Siege of Calais, Wild man of the West Indies, Boheme - review: ETO is back on tour with three superb productions

With opera of this calibre touring to every corner of the country, who needs London?

This week visiting Truro and Poole, next week Norwich and Sheffield, English Touring Opera are back on tour, in top form and with three superb productions, two of which are rarities.

As directed by James Conway on Samal Blak’s windswept set, Donizetti’s The Siege of Calais comes over as a bleakly magnificent parable of patriotism, in which Catherine Carby takes the trouser-role of the civic leader’s son and Paula Sides that of her wife.

Igbal Khan directs the same composer’s The Wild Man of the West Indies on a starkly evocative set by Florence de Mare, with fine performances by Nicholas Sharratt, Njabulo Madlala, and Peter Braithwaite. But the singer who gives both these productions visceral power is baritone Craig Smith, who turns the role of the Lear-like Cardenio (the Wild Man) into a riveting study in patriarchal arrogance and encroaching madness. 
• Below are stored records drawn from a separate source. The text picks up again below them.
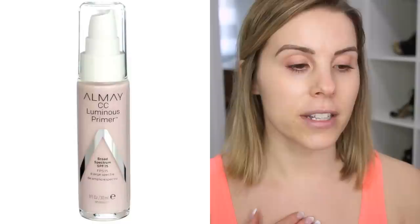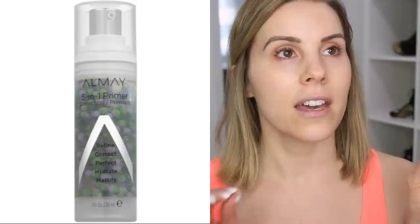The first thing, and this is something I bought, is the Almay CC Luminous Primer with broad spectrum SPF 15. They had another one with little green and purple beads that was supposed to be brightening and neutralizing. I tested this one on the back of my hand yesterday after I bought it and it seemed just slightly illuminating — not super illuminating — and it reminds me of a sunscreen.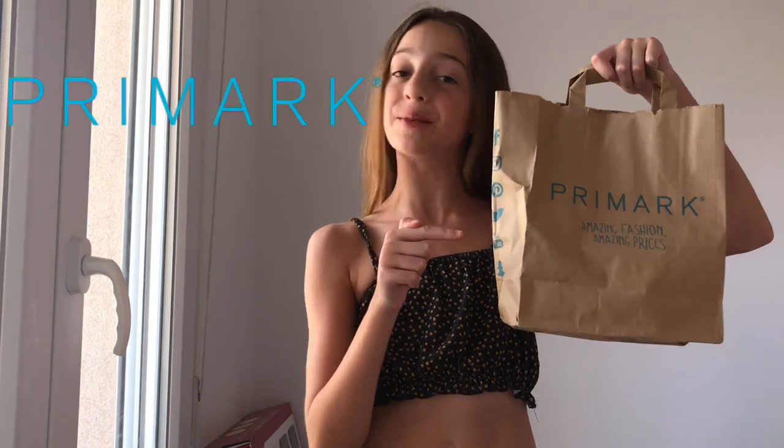Hi everyone, welcome back to my channel and today I'm going to be doing a full face of makeup from Primark. Make sure to subscribe to my channel and give this video a big thumbs up. Without further ado, let's get started.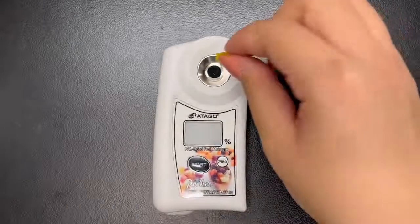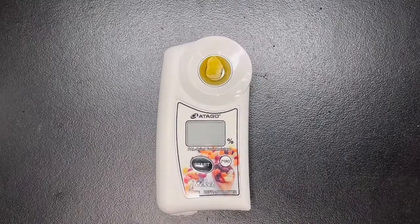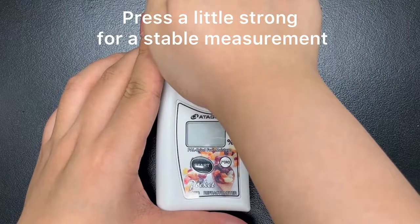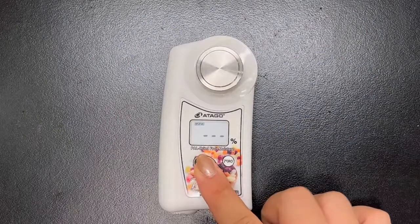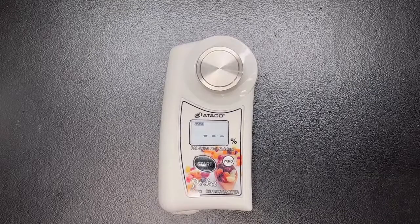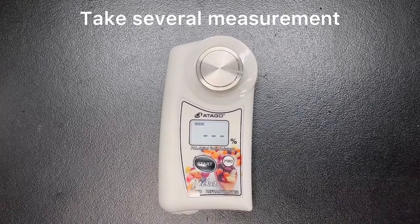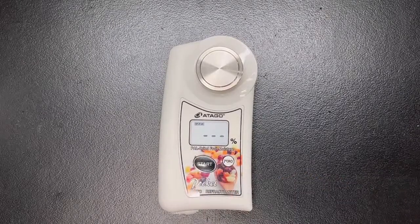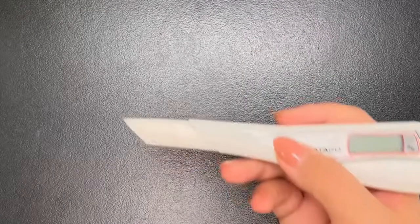With pineapple and other dried fruits, cut the dried fruit and make sure to measure the inside of the fruit. When using the PAL, there is an additional accessory called the Magic — press the dried fruit firmly onto the sample stage to get a stable measurement, as if the fruit is not properly on the stage it won't measure well. As you can see here, the pineapple reads 20.3%. Take several measurements to make sure the value is stable.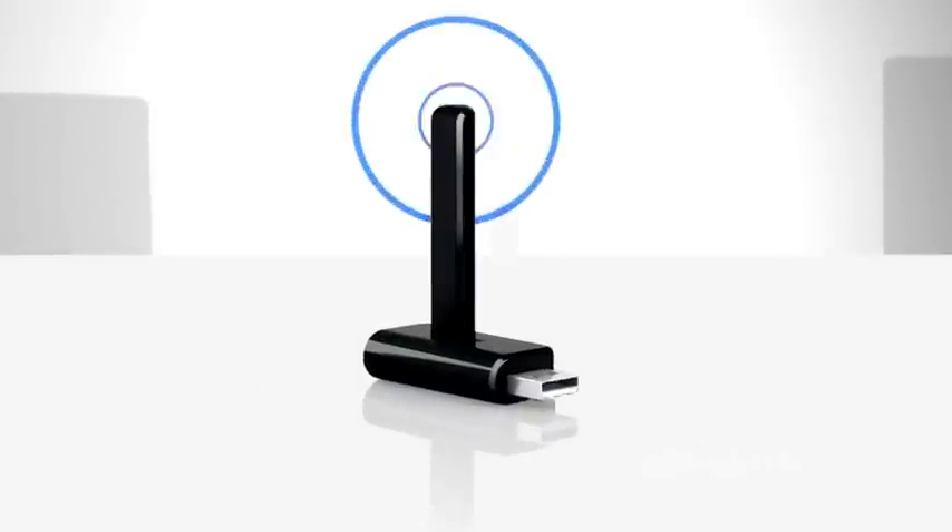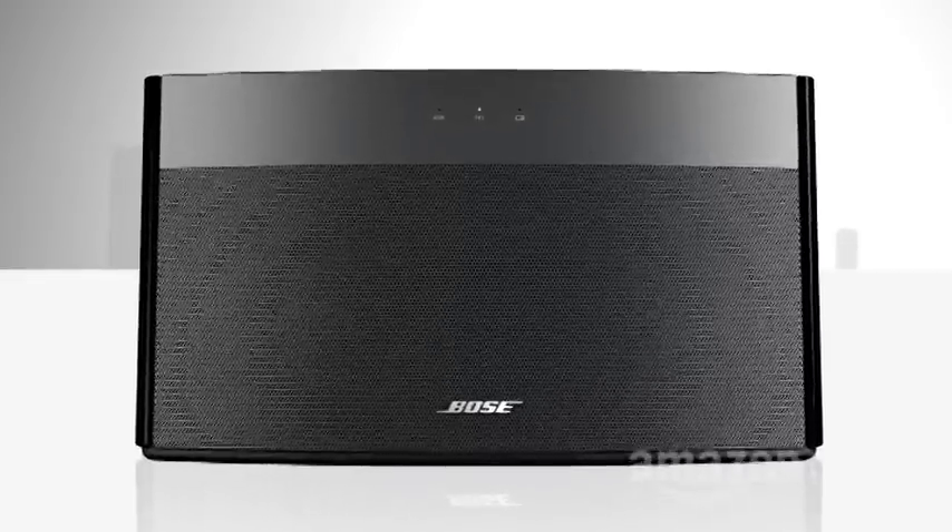A music source, a transmitter to send music around the house, a receiver to grab the signal, and powered speakers to amplify that signal so the music can be heard.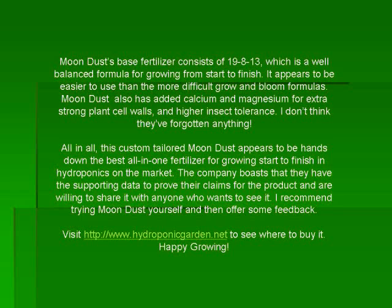I recommend trying Moondust yourself and then offering some feedback. Visit www.hydroponicgarden.net to find out where you can buy Moondust. Good growing.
And it’s a long time since I saw as felicitous a production of La Boheme as that which Conway directs here on de Mare’s charming sets. David Butt Philip’s Rodolfo and Ilona Domnich’s Mimi meld their voices beautifully, and among the other roles – all strongly cast – Madlala’s Schaunard and Matthew Stiff’s Colline are outstanding. With opera of this calibre touring to every corner of the country, who needs London?